MyFrugalYear is the anonymous instagram account who has broken all the rules to talk candidly about money. About how much she's spent and how much she really regrets spending it. The mum-of-two will be revealing a weekly diary here on HELLOMAGAZINE.COM, detailing her battle with debt and sharing tips on how she's reducing it.
The intro
I can’t tell you my name, but I’m about to tell you how much debt I have. It’s not the most important or even most interesting thing about me, but it is the reason I’m here, writing to you. I owe £25,000 on credit cards... £5k on Amex, £10k on Barclaycard to name a few, as well as £2,000 on my overdraft. I’ve always been terrible with money - my propensity to underestimate the cost of everything, coupled with a natural reluctance to face problems, means that I’ve consistently lived beyond my means, never fully understanding where I was going wrong, or realising that I was headed for a very big fall. That fall came three months ago...
I was on the phone to a financial advisor at my bank, who was asking me why I remained in an unarranged overdraft after several notifications. "I just…" I stuttered, knowing what I had to say but struggling, "there’s no more money left." I looked around me, trying to identify where it had all gone. A half dead fiddle leaf fig in a Moroccan style basket. A Hague Blue feature wall. The same two Desenio prints as any given interiors instagrammer.
It was mid-month and pay day wasn’t even on the horizon, but the crippling minimum repayments for several maxed out credit cards plus childcare costs, rent and bills on only one full salary meant that there was nothing left to transfer, no savings to come to the rescue.

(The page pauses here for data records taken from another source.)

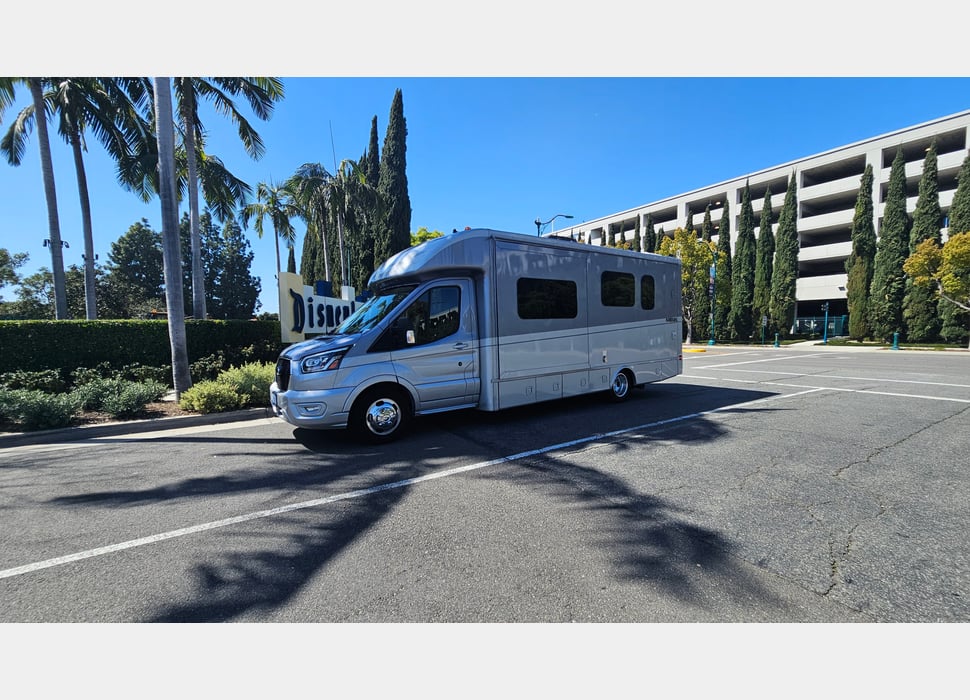 Class C Motor Home rentals in Las Vegas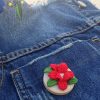 mini broche bordado en relieve rosa roja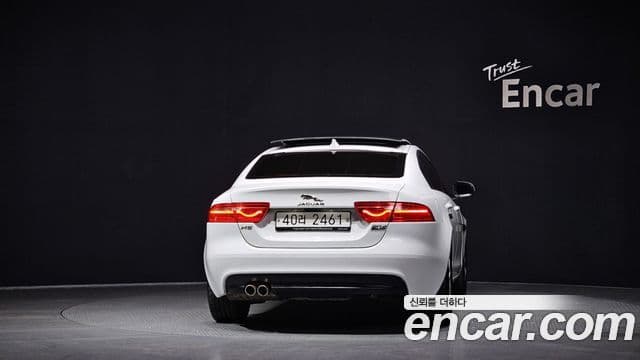 Jaguar XE 20d Prestige AWD, 2017 4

I’d used all my nine lives. Now there was nothing left to do but face the consequences of too many spontaneous purchases, too much keeping up appearances, too much doing it for the ‘gram. It was terrifying, but I finally took a deep breath and totted up the grand total.
You might wonder, how does one get to £27k in the red without taking note? The answer is that for me, it was easy, like living on autopilot. Like, when you arrive at work but don't remember how, ignoring all the near misses you might have had. I kept getting approved for credit cards, kept having my limits automatically increased. The frequent ‘oh ***t’ moments were easy to ignore, shrouded by my latest Jo Malone perfume… Until they weren’t. The weight of them hit me all at once, as I struggled to keep tears back on that phone call.

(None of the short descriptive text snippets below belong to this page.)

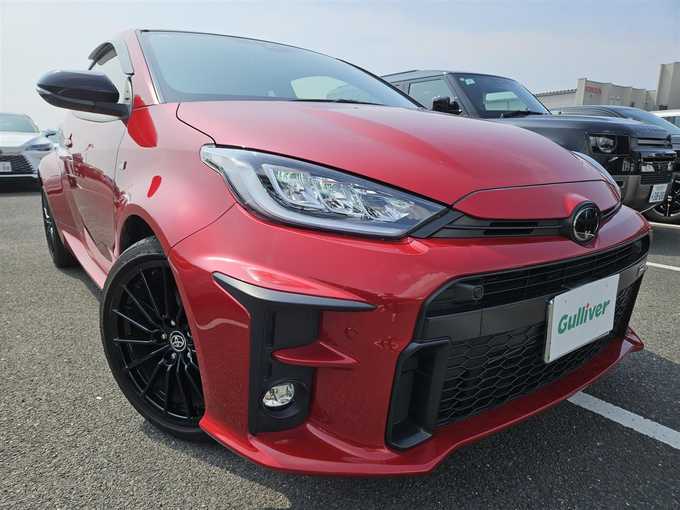 新着情報“ＧＲヤリスRS”2021年式エモーショナルレッドⅡ入荷しました！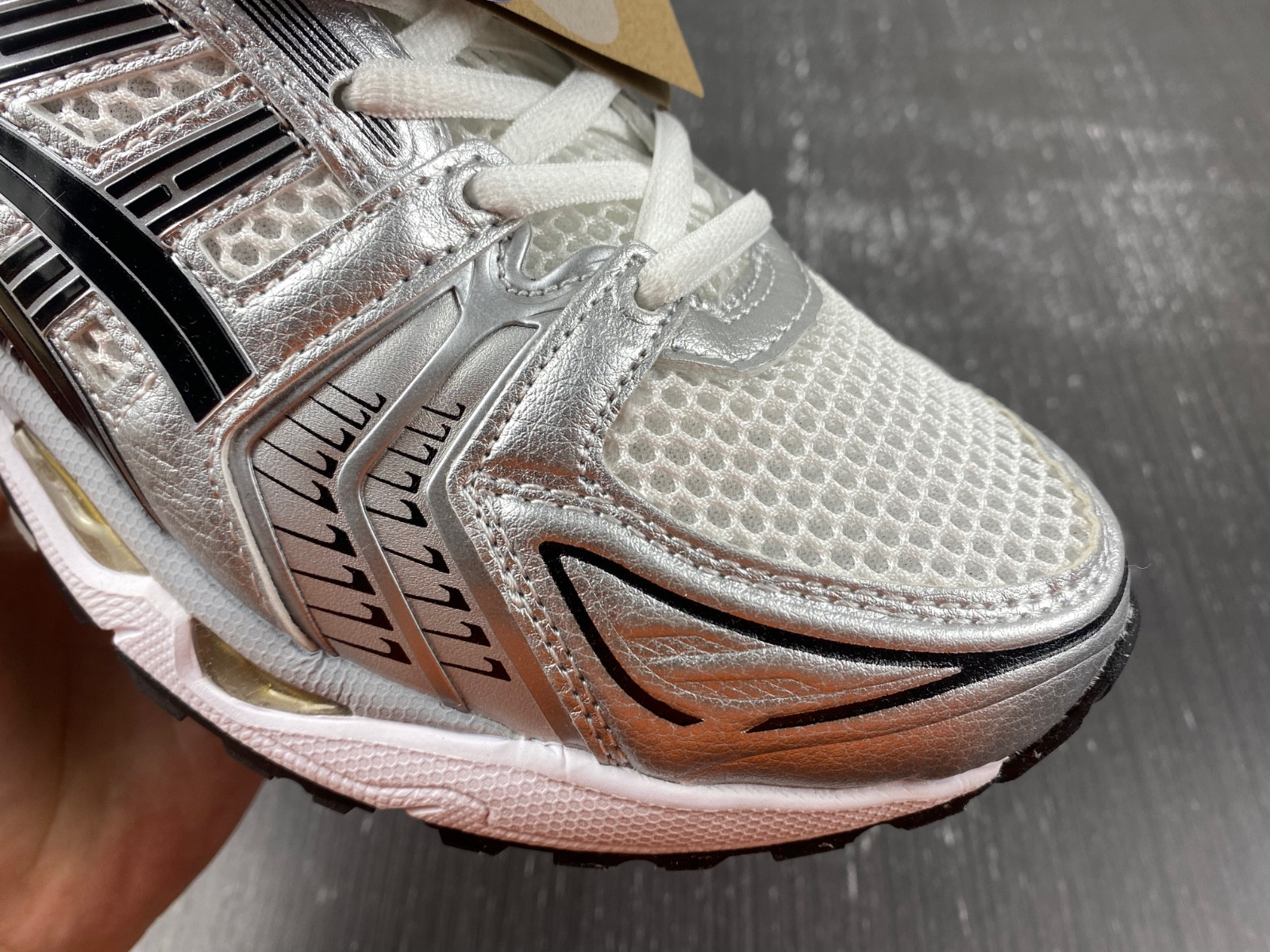As*ic*s gel-kayano 14 1201a019-102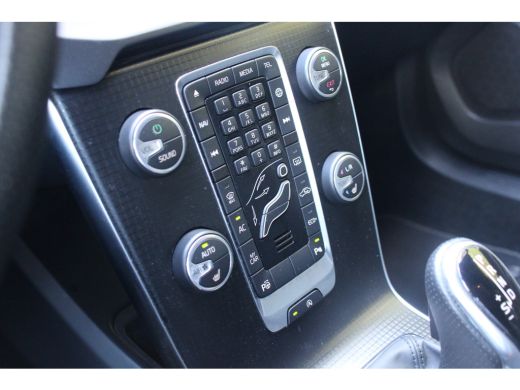 Volvo  V40 1.5 T3 Polar+ Sport | Harman/Kardon | Panoramadak | Camera | Keyless ActivLease financial lease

That day, I started My Frugal Year, an Instagram account that I hoped might help me to take control of my finances. I had some vague idea that my followers might shout at me if I spent too much, and I found poetry in using the platform that had, for so long, kept me spending, to help me dig myself out again.
I didn’t expect what happened next. The catharsis of admitting it out loud. The outpouring of empathy from hundreds of people who were in a similar situation, most of them also haunted by the ghost of a trendy carpet whose credit card legacy had outlived it. I realised that what I was saying resonated with people, not only because nobody else was saying it, but because if I refused to let my debt define me, it meant that theirs didn’t define them, either. #iamnotmydebt
Three tips for taking hold of your finances
1) Arm yourself with the information. Unsquint your eyes at the cash point, check your credit score and audit your outgoings.
2) If you’re having a rough time financially, confide in someone. It’s the first step to ridding yourself of that unhelpful emotion, shame.
3) Make a plan. Download an app like Money Dashboard, or scribble it all down in a fancy-pants notebook.